To see the -g transformed program use -t command line option.

Guarding statements

Guard transformation also enables usage of if and while statements. First order formula is used as a condition. Guarded code is always nested eventhough it does not have to be surrounded by '{' and '}' if it is just a single rule or another guarding statement.

if then (else)

Syntax of if statement is:

	if FORM then STATEMENT.                   # or
	if FORM then STATEMENT else STATEMENT.

FORM is a first order formula and STATEMENT can be another guarding statement, a nested program or a rule (note that STATEMENT is always nested. It is parsed as a nested program, ie. rule. is parsed as { rule. }).

Example program:

	A(10).
	if exists ?x { A(?x) } then A_not_empty. else { A_empty. }

is equivalent to:

	A(10).
	if exists ?x { A(?x) } then { A_not_empty. } else A_empty.

produces result:

	A(10).
	A_not_empty.

if is implemented by transformation of a condition (FO formula) into a rule which is executed (condition is decided) when fp of the current program is reached.

For above example such a rule would be.

	__1__2__guard__ :- { __1__cond__ && { exists  ?x  { A(?x) } } }.

Execution of each respective (true/false) nested program block is guarded by existence or non-existence of the __1__2__guard.

Full example program transformed:

	 __0__fp__.
	 A(10)                        :- __1__add__.
	~__0__fp__,       __1__add__  :- __0__fp__.
	~__1__add__,      __1__cond__ :- __1__add__.
	~__1__cond__,     __1__fp__   :- __1__cond__.
	~__1__fp__                    :- __1__fp__.
	 A_not_empty                  :- __2__add__.
	~__1__2__guard__, __2__add__  :- __1__fp__,  __1__2__guard__.
	~__2__add__,      __2__fp__   :- __2__add__.
	~__2__fp__                    :- __2__fp__.
	 A_empty                      :- __3__add__.
	 __3__add__                   :- __1__fp__, ~__1__2__guard__.
	~__3__add__,      __3__fp__   :- __3__add__.
	~__3__fp__                    :- __3__fp__.
	 __1__2__guard__
		:- { __1__cond__ && { exists  ?x  { A(?x) } } }.

while do

Syntax of while statement:

	while FORM do STATEMENT.

FORM is a first order formula and STATEMENT can be another guarding statement, a nested program or a rule.

Example program:

	a(0). a(1). a(2). a(3). a(4).
	i(0).
	while ~ { b(1) } do {
	        b(?x), i(?x1), ~a(?x), ~i(?x) :-
	                a(?x),  i(?x), ?x + 1 = ?x1.
	}

outputs following

	a(4).
	a(3).
	i(3).
	b(2).
	b(1).
	b(0).

Note that while the guard rule for the if statement is executed when the parent program enters its fixed point state, condition of the while statement is checked each step of the nested program even before the add state.

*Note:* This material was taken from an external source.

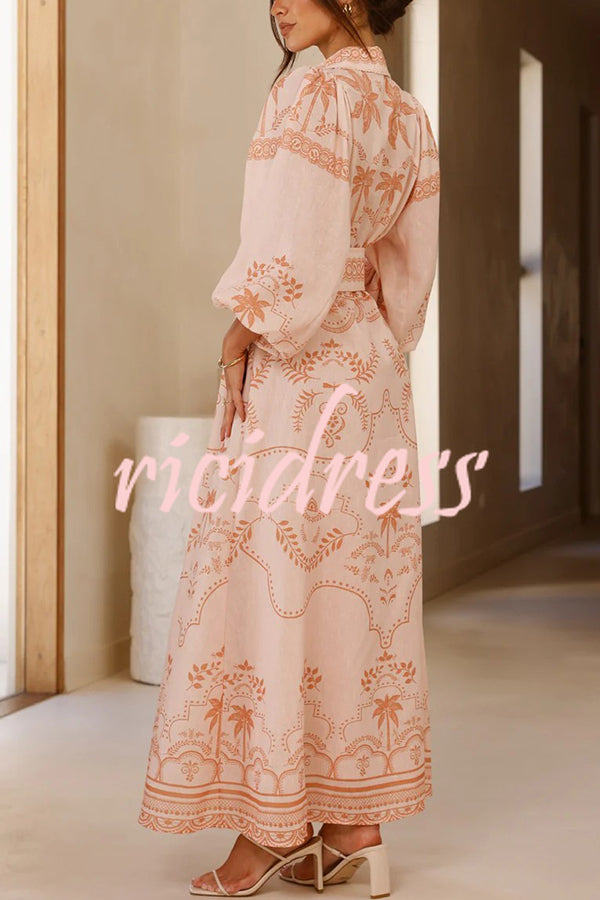 Linen Blend Lapel Puff Sleeve Casual Waist Belted Maxi Dress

while condition is negated into a breaking rule. When the rule becomes true it breaks the execution of the current program and reaches the fixed point.

Condition ~ { b(1) } is transformed into this breaking rule:

	~__2__curr__, ~__2__start__, ~__2__rule__, __2__fp__
	        :- { __2__curr__ && ~ ~ { b(1) }   }.

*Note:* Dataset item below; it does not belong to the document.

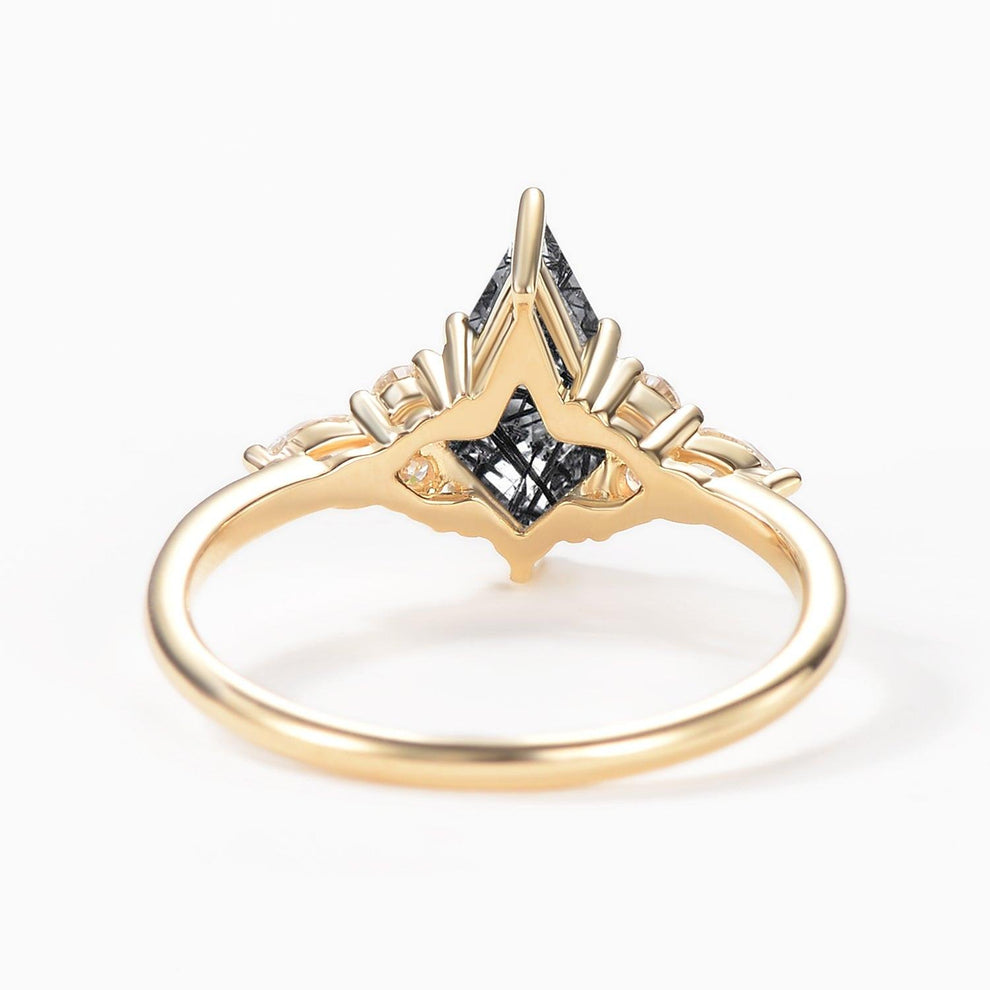 Unique Moss Agate Kite Cut Three Sides Stone Engagement Ring.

Full transformation of the above program:

	__0__fp__.
	a(0), a(1), a(2), a(3), a(4), i(0)            :- __1__add__.
	~__0__fp__,    __1__add__                     :- __0__fp__.
	~__1__add__,   __1__fp__                      :- __1__add__.
	~__1__fp__                                    :- __1__fp__.
	b(?x), i(?x1), ~a(?x), ~i(?x)
	        :- a(?x), i(?x), ?x+1=?x1,               __2__rule__.
	~__1__fp__,    __2__start__, __2__curr__      :- __1__fp__.
	~__2__start__, __2__rule__                    :- __2__start__.
	~__2__rule__,  ~__fp__, __2__fp__             :- __2__rule__, __fp__.
	~__2__curr__                                  :- __2__fp__, __2__curr__.
	~__2__fp__                                    :- __2__fp__.
	~__2__curr__, ~__2__start__, ~__2__rule__, __2__fp__
	        :- { __2__curr__ && ~ ~ { b(1) }   }.

Types and Type checking

One can specify types for arguments of terms and predicates in the program. There are three primitive types "int", "char" and "sym" with default size of 4 bits each. The int can be further specialized with bit size like int:2, which says it is a type which holds only 2 bits ( possible four values).

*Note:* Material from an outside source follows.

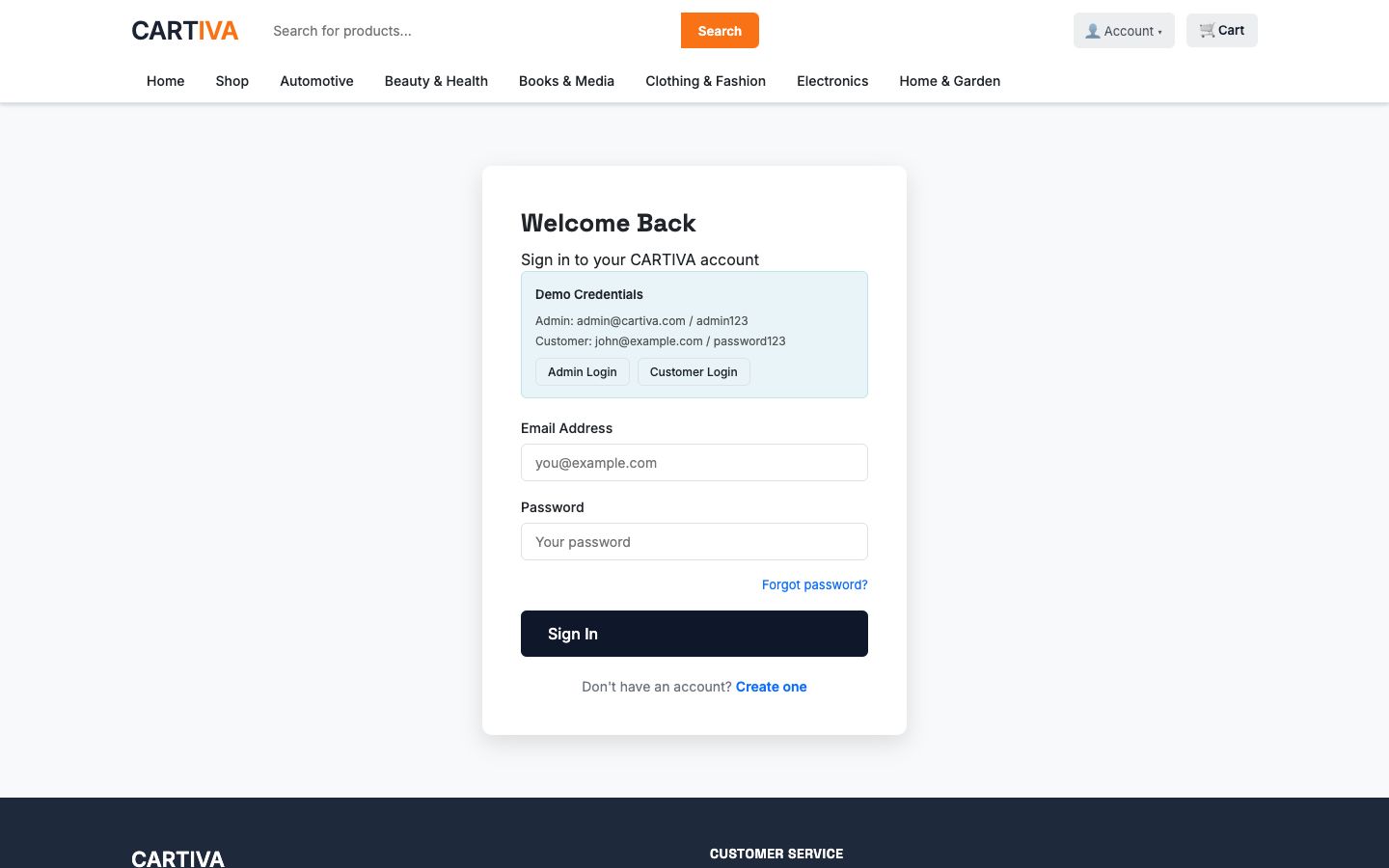 CARTIVA login page with demo credentials and quick-fill Admin/Customer login buttons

The predicates type signature can be specified with keyword record preceding relation/predicate name and by including types of the arguments as in example,


record father( sym ?b).
record edge (int:3 ?c, int:2 ?c ).
record pair(int ?a, char ?b).

Here, father predicate can take argument of type sym, symbols. "edge" takes first argument of type 3 bit size and second as type 2 bits size.

Running checker for type errors

The type checking will check for various type errors in the TML program for example. Running following program with "tml --bitprog " option will invoke the typechecking on the TML rules. ( the flage option would be removed in future, though currently specific)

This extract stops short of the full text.